10.3.5 Action exploratoire Back In Time
Participants: Pierrick Gaudry, Cécile Pierrot, Paul Zimmermann.
- Subject: Historical Cryptography
- Duration: October 2024 - 2026
- Coordinator: Cécile Pierrot
- Other partners: Inria Paris (ALMANACH), Université de Picardie.
BACK IN TIME brings together the expertise of researchers in three fields — artificial intelligence (ALMANACH team), cryptography (CARAMBA team) and history (Camille Desenclos) — to decipher encrypted historical documents. Given the sheer volume of data involved, our aim is to develop initial software to automate certain ancient decipherments.
10.3.6 Cooperation with ANSSI on e-voting regulation
Participants: Pierrick Gaudry.
We participate in a working group led by ANSSI, the purpose of which is to help the governmental actors (CNIL, ANSSI) in defining the next documents regulating the use of electronic voting in France.
10.3.7 ANR JCJC proposal MAVERIC
Participants: Jean Kieffer.
The ANR JCJC project MAVERIC (Modular forms and Abelian Varieties: Efficient and Rigorous Interval Computations) was submitted in 2024. The aim of this project is to continue exploring applications of rigorous numerical computations based on interval arithmetic (Riemann theta functions in particular) in arithmetic geometry, and to produce efficient implementations.
11 Dissemination
11.1 Promoting scientific activities
11.1.1 Scientific events: organisation
Member of the organizing committees
- Jean Kieffer is the local organizer for the CAIPI symposium to be held in Nancy on April 7-8, 2025.
- Cécile Pierrot is a member of the organizing committee of the work group "code et cryptographie".
11.1.2 Scientific events: selection
Chair of conference program committees
- Emmanuel Thomé was the chair of the program committee of Journées C2 2025.

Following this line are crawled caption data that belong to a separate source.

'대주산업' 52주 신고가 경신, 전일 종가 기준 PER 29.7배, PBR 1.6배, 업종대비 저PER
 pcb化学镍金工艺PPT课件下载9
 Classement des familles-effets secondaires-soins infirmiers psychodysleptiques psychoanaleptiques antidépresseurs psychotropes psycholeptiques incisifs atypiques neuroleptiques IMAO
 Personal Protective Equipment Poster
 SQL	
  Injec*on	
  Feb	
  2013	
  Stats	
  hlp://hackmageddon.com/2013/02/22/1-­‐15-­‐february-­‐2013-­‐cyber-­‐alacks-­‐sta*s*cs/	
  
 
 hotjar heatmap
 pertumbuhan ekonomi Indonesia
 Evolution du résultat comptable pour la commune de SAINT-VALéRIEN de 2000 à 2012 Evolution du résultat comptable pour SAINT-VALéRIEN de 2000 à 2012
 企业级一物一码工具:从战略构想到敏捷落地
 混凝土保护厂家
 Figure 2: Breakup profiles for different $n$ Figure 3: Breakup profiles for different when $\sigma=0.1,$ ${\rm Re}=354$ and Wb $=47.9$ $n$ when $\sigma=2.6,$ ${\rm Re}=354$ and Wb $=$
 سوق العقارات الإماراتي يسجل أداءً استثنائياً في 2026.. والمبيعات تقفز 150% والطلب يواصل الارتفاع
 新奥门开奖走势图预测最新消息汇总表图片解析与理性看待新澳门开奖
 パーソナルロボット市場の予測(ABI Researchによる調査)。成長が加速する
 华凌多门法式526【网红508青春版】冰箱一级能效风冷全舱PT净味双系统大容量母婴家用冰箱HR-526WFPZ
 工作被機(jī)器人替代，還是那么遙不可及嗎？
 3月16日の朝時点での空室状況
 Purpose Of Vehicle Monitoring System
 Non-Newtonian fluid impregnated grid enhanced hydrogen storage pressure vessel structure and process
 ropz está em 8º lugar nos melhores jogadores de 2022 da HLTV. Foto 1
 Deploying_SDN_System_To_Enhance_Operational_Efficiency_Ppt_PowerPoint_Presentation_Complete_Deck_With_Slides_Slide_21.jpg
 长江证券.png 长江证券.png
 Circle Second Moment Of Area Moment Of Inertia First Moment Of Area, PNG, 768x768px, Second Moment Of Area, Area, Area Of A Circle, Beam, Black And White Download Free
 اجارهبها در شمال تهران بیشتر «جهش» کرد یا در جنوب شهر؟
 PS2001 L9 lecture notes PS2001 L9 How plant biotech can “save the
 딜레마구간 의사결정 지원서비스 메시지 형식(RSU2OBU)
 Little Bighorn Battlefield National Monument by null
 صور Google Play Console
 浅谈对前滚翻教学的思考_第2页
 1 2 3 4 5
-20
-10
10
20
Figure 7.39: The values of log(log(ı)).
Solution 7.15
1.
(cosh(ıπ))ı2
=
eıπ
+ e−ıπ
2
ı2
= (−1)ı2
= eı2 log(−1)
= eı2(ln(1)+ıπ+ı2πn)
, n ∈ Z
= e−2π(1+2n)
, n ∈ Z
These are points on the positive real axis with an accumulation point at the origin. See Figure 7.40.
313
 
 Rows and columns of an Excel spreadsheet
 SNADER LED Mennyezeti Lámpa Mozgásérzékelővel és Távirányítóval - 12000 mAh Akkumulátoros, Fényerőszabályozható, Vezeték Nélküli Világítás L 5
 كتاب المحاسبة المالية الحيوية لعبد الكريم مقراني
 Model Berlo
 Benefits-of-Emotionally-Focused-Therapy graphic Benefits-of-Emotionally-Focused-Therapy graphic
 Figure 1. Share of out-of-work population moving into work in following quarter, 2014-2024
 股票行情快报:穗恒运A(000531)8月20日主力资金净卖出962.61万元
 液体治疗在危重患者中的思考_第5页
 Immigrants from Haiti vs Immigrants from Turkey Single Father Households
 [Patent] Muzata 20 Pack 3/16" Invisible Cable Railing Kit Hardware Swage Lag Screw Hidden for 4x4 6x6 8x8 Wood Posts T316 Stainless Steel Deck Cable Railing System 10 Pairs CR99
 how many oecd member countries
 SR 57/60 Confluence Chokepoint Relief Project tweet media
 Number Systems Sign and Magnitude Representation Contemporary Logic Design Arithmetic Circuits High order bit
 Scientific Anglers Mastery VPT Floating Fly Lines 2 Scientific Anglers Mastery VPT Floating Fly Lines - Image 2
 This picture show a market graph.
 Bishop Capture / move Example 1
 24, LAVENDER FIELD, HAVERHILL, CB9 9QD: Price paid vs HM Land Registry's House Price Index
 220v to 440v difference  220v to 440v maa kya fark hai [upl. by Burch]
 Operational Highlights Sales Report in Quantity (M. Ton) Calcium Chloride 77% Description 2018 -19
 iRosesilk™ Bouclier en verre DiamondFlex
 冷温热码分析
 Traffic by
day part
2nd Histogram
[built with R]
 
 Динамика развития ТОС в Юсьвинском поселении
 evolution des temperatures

Member of the conference program committees
- Xavier Bonnetain is a member of the scientific committee of the Loria security seminar.
- Xavier Bonnetain was a member of the Program Committees of EUROCRYPT 2025 and TQC 2024.
- Pierrick Gaudry was a member of the Program Committees of E-Vote-Id 2024.
- Aurore Guillevic was a member of the Program Committee of Selected Areas in Cryptography 2024.
- Virginie Lallemand was a member of the Program Committee of Selected Areas in Cryptography 2024 and of Workshop on Coding and Cryptography (WCC 2024).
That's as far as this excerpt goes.